OBJECTIVES: To study the course of West syndrome (WS) and coronavirus disease-19 (COVID-19) in children with WS who contracted SARS-CoV-2 infection.
METHODS: This ambispective study was conducted at a tertiary-care center in North India between December 2020 and August 2021 after approval from the Institute Ethics Committee. Five children with WS, positive for COVID-19 based on RT-PCR, fulfilled the inclusion criteria.
RESULTS: One child with COVID-19 during the first wave was retrospectively included while four children (of the 70 children screened) were prospectively enrolled. The median age at onset of epileptic spasms was 7 mo (2 boys), and that at presentation with COVID-19 was 18.5 mo. Three had underlying acquired structural etiology. Three were in remission following standard therapy, while two had ongoing spasms at the time of COVID-19 illness. During the illness, two of those in remission continued to be in remission while one child had a relapse.
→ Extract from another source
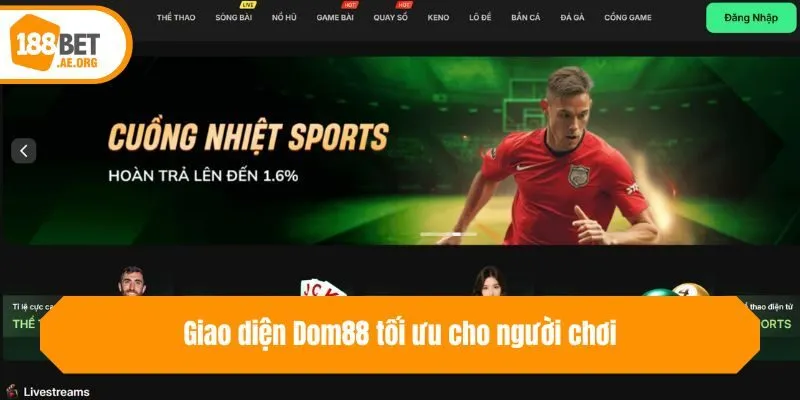 Giao diện Dom88 tối ưu cho người chơi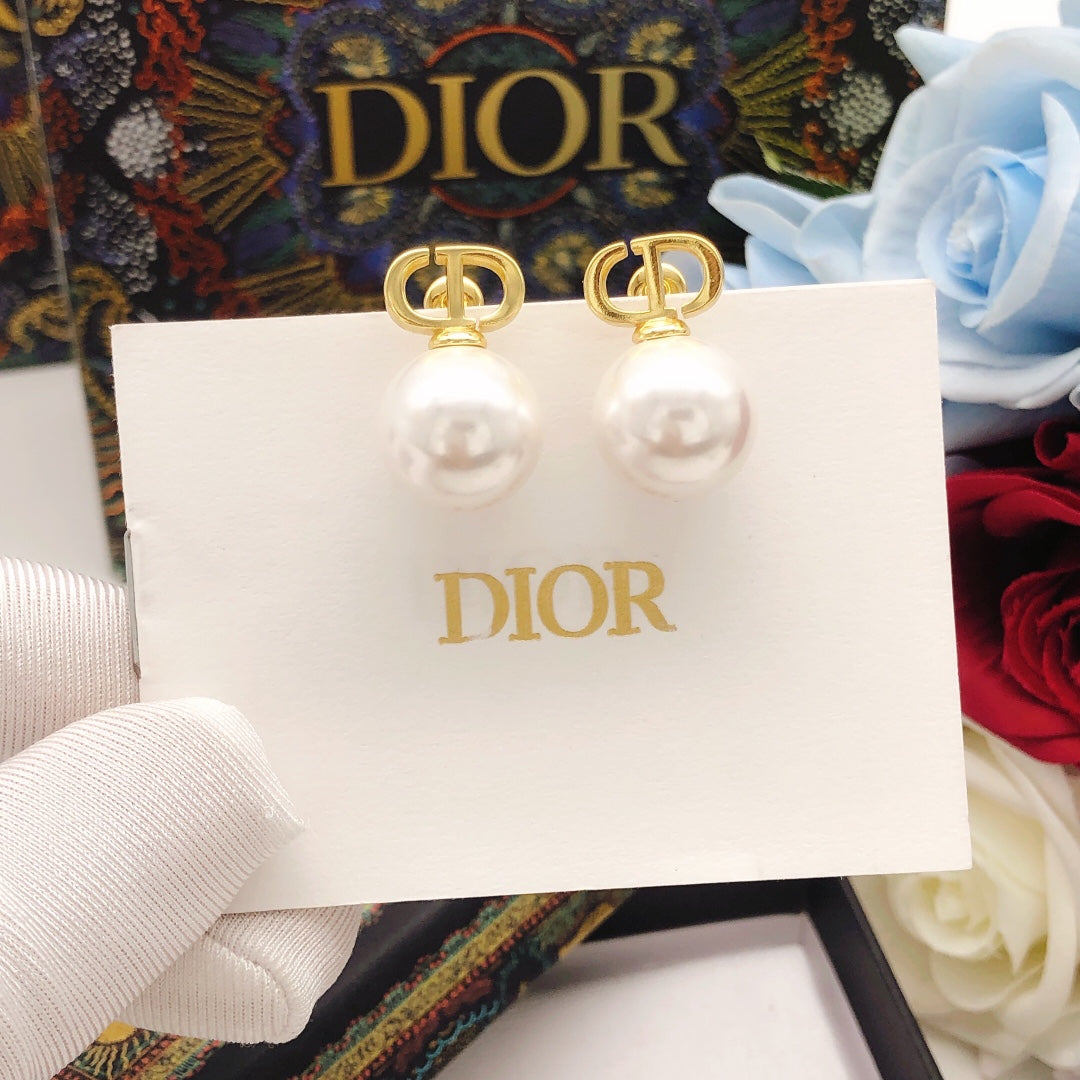 Dior CD Large Pearl-Look Drop Earrings - product image 4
The children with ongoing epileptic spasms had variable course [one had persistent spasms and other had transient cessation lasting 3 wk from day 2 of COVID-19 illness, but electroencephalography (on day 8 of COVID-19 illness) continued to show hypsarrhythmia]. Fever was the most typical symptom (and sometimes the only symptom) of COVID-19, with a duration ranging from 1-8 d. Two children had moderate COVID-19 illness requiring hospitalization, while the rest had a mild illness. All the affected children had complete recovery from COVID-19.
CONCLUSION: The severity of COVID-19 illness in children with WS is often mild, while the subsequent course of WS is variable.

Introduction

The coronavirus disease 2019 (COVID-19) pandemic, caused by severe acute respiratory syndrome coronavirus 2 (SARS-CoV-2), has become an inevitable part of our lives. With over 240 million cases and 4.9 million deaths reported across more than 200 countries, the rate of infection and disease severity in children increased during the ongoing second wave of the pandemic in many countries [1]. Although the occurrence of de novo seizures in patients with COVID-19 is well-described, seizure is rarely a presenting feature of COVID-19 [2, 3]. Comorbid COVID-19 in persons with epilepsy (PWE) has been less frequently reported. A recent study revealed that COVID-19 in PWE was not associated with more severe illness. However, seizures as presenting manifestation of COVID-19 were more frequent in PWE (median age 41 y) than in people without epilepsy [4]. While acute symptomatic seizures or worsening epilepsy control in children with epilepsy (CWE) have been less commonly reported with COVID-19, the pandemic has gravely impacted the care of CWE [5, 6]. The occurrence of COVID-19 in a child with pre-existing epilepsy may have varied implications depending on the type of epilepsy or epilepsy syndrome, and ongoing medications.

In this regard, West syndrome (WS) constitutes a distinctive condition considering the peculiar management options (hormonal therapy), need for frequent follow-up, and higher risk of severe COVID-19 in infants [7-9]. Unlike other epilepsies, acute febrile illnesses and pyretotherapy (artificial fever therapy) have been associated with spontaneous remission of epileptic spasms and resolution of hypsarrhythmia in children with WS [10]. However, the role of ongoing hormonal therapy in children with WS in modulating COVID-19 severity is debatable [8, 9]. Besides, COVID-19 has been associated with varied new neurological manifestations in children and there are specific concerns for children with neurological disorders [11, 12]. Hence, it is important to understand the implications of COVID-19 in children with WS. The current study provides a glimpse of COVID-19 and WS severity in children with WS who contracted SARS-CoV-2 infection.

Material and Methods

This ambispective study was conducted at a tertiary-care center in North India after approval from the Institute Ethics Committee (vide IEC-10/2020-1798). The study was carried out between December 2020 and August 2021. The primary objective of the study was to collate cases and collect data regarding clinical and laboratory features, treatments, and outcomes in children with WS who develop COVID-19. The secondary objectives included the determination of the disease course of WS and COVID-19.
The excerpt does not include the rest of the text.